The two mortgage-finance giants, which have already taken $187.5 billion in taxpayer aid since 2008, would need more funds to stay afloat if home prices plummeted in a severe downturn, the Federal Housing Finance Agency said in a report today. The stress tests, mandated by the Dodd-Frank Act, use the same assumptions that the Federal Reserve does in gauging the ability of the nation's largest banks to withstand a recession.

The results reflect the terms of the companies' bailout, which require them to send to the Treasury all of their quarterly profits above a minimum net worth threshold. That money, counted as a return on the U.S. investment, prevents them from rebuilding capital or paying down debt to taxpayers.
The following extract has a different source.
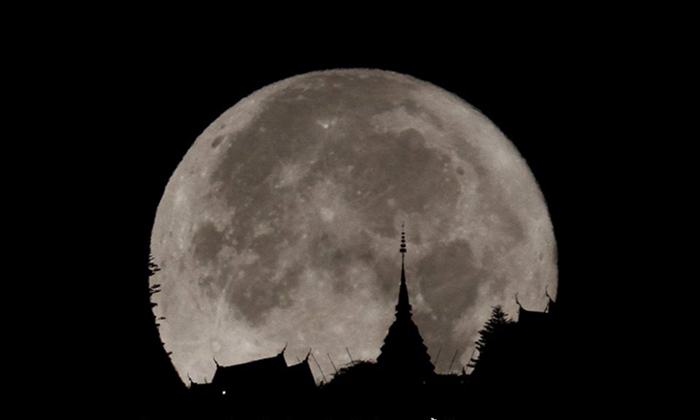 เผย 3 เคล็ดลับถ่ายภาพ "ดวงจันทร์เต็มดวงใกล้โลก" ให้ดูยิ่งใหญ่เป๊ะปังอลังการ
"These results of the severely adverse scenario are not surprising given the company's limited capital," Fannie Mae Senior Vice President Kelli Parsons said in a statement. "Under the terms of the senior preferred stock purchase agreement, Fannie Mae is not permitted to retain capital to withstand a sudden, unexpected economic shock of the magnitude required by the stress test."

The companies would need $84 billion to $190 billion by the end of 2015 in the worst circumstances, depending on accounting assumptions, the tests showed.
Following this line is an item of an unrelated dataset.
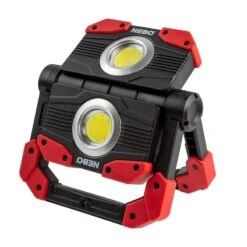 NEBO OMNI 2K - 2,000 Lumen Omni-Directional USBC Rechargeable Work Light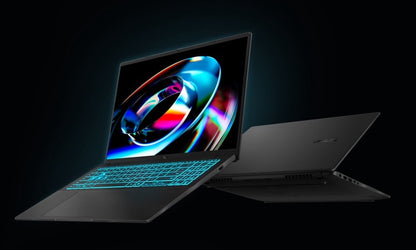 V16 16" Gaming Laptop - Intel Core 5 210H 16GB 512GB RTX 5050 Black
The FHFA also released the results of its own tests using different economic models. Under those, Fannie Mae and Freddie Mac won't need any more taxpayer aid, and will send the U.S. Treasury between $36.3 billion and $54 billion in additional payments of their quarterly profits by the end of 2015. Payments from the two companies to the government totaled $202.9 billion by the end of March.

The stress test results come as congressional momentum for winding down Fannie Mae and Freddie Mac appears to be stalling and shareholders push to keep the companies alive.

Senate Banking Committee leaders yesterday postponed a vote on a bill that would replace Fannie Mae and Freddie Mac over five years with federal insurance for mortgage bonds that would kick in only after private investors were wiped out. The measure, which is supported by President Barack Obama's administration, doesn't yet have enough support from Democrats to move forward.

Fannie Mae and Freddie Mac, which buy mortgages and package them into securities, began posting record profits as the housing market rebounded. Shareholders including Bruce Berkowitz's Fairholme Capital Management and hedge fund Perry Capital LLC are calling for the U.S. to allow investors a share in the funds the companies are returning to taxpayers.

Fannie Mae reported an $84 billion profit for 2013, the highest-ever for the 80-year-old company, while Freddie Mac reported a record profit of $48.7 billion.